Input data Start Marker

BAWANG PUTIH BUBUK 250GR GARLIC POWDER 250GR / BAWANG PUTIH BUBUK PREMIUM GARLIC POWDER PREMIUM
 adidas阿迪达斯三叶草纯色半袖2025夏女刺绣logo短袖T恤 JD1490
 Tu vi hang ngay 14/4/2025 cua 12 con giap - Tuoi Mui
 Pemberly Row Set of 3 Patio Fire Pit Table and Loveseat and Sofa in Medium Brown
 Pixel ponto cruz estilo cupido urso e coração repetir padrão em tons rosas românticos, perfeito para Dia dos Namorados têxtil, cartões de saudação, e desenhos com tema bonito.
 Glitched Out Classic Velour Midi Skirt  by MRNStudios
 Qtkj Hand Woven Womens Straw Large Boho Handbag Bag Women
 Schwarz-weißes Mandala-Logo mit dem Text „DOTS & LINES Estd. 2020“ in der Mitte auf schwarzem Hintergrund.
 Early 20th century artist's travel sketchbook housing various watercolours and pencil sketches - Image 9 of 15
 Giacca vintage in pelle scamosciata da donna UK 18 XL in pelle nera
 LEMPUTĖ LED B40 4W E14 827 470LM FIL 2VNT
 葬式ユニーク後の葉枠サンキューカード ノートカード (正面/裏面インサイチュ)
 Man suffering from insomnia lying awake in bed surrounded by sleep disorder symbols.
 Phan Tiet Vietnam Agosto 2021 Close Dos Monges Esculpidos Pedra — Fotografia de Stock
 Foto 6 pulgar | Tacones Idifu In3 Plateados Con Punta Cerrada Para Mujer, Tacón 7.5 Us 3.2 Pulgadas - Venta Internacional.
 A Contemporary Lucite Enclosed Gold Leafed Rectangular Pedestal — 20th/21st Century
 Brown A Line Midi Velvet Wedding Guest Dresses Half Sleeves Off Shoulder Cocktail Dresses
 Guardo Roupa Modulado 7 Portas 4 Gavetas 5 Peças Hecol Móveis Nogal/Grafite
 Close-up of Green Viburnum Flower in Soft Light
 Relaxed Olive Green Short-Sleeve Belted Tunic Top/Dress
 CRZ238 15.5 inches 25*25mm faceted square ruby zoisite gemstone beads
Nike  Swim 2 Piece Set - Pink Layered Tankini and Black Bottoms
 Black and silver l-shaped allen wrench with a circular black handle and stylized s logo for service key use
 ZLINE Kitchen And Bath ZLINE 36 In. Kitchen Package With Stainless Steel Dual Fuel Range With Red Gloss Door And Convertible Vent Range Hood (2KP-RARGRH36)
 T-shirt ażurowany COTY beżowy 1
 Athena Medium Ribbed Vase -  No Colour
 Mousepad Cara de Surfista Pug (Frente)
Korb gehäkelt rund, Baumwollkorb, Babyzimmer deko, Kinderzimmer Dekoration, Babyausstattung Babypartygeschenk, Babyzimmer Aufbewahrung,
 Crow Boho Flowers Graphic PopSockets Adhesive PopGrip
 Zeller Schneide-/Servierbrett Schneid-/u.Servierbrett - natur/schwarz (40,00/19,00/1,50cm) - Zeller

Input data End Marker

> **Your task**
Looking at the records above, how many lines contain "Brown"? Only the number is needed.

> **Output for this exercise**
2